Top of GIVEN MATERIAL

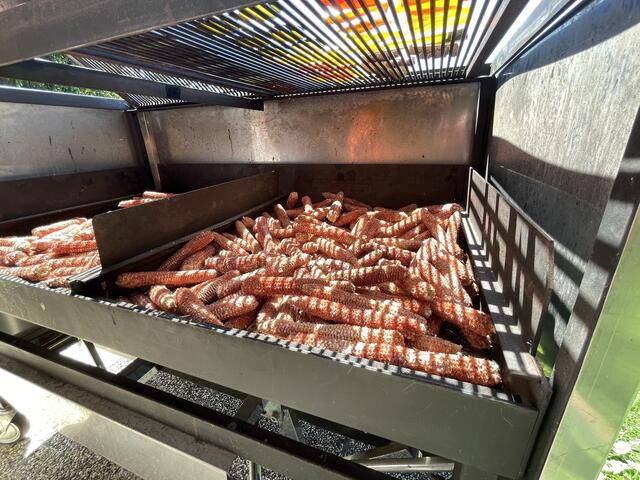 Noch ein ungewohnter Anblick – die Maisspindel im Grill.  | Foto: RegionalMedien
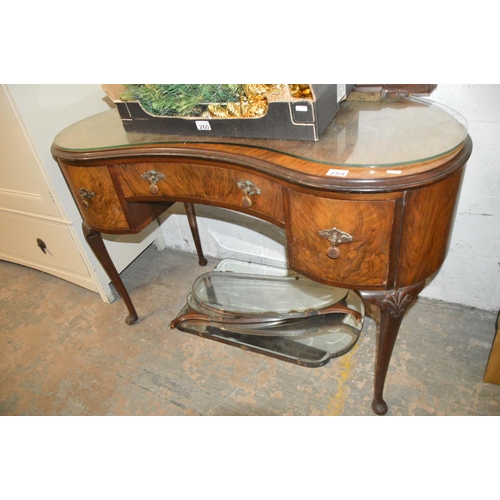 259 - dressing table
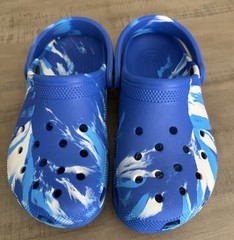 Crocs LOT. Size 6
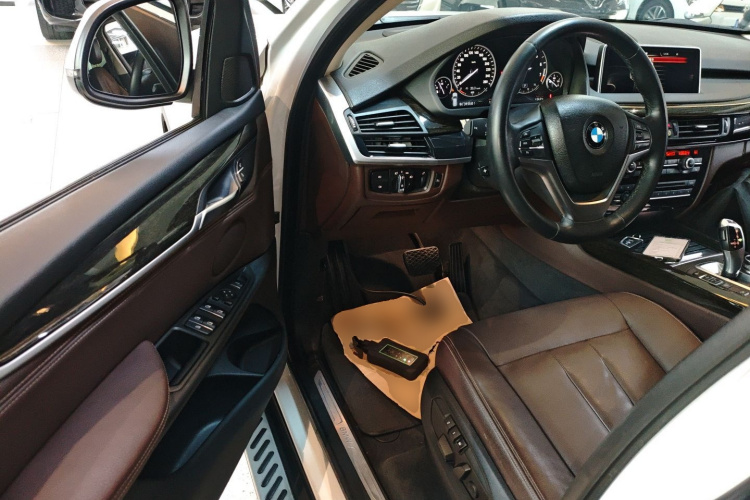 BMW X5 2014 car image #16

Bottom of GIVEN MATERIAL

* BRIEF: Word for word, reproduce the listing above; no image should be carried over.

* SOLVED PROBLEM:
 Noch ein ungewohnter Anblick – die Maisspindel im Grill.  | Foto: RegionalMedien
 259 - dressing table
 Crocs LOT. Size 6
 BMW X5 2014 car image #16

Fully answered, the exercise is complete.